Outside the Data World
#

When I’m not working with data, I like to stay active and explore the outdoors. Golfing and hiking are two of my favorite ways to recharge and stay focused, and I also love rock climbing, which keeps me on my toes—literally and figuratively!

I’m also a huge pizza and coffee nerd:

  • I’ve learned to make pizza dough from scratch, and true to my data-driven nature, I’ve kept a tally in 2025 of every pizza I’ve made.
  • Nearly every morning, I make a pour-over coffee using my V60, my favorite coffee brewer. My go-to beans are typically light to medium roasts from George Howell Coffee.

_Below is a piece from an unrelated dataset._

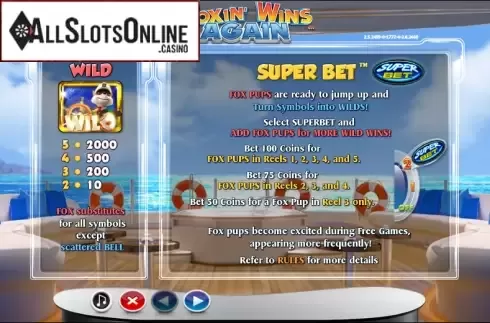Paytable 1. Foxin' Wins Again from NextGen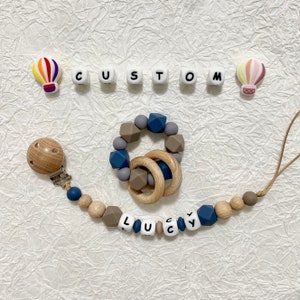 Juego de pinzas para chupetes personalizadas, pinzas para chupete de juguete con nombre, letras de silicona, regalo para bebé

I also genuinely enjoy tinkering with personal coding projects, experimenting with new tools, and learning ways to make complex systems simpler and more efficient. And just like in my professional life, I love solving puzzles—whether it’s in code, a tricky climbing route, or perfecting a pizza crust!


I’m always excited to connect with fellow data enthusiasts, share what I’ve learned, and continue growing as a data engineer. Thanks for stopping by my blog!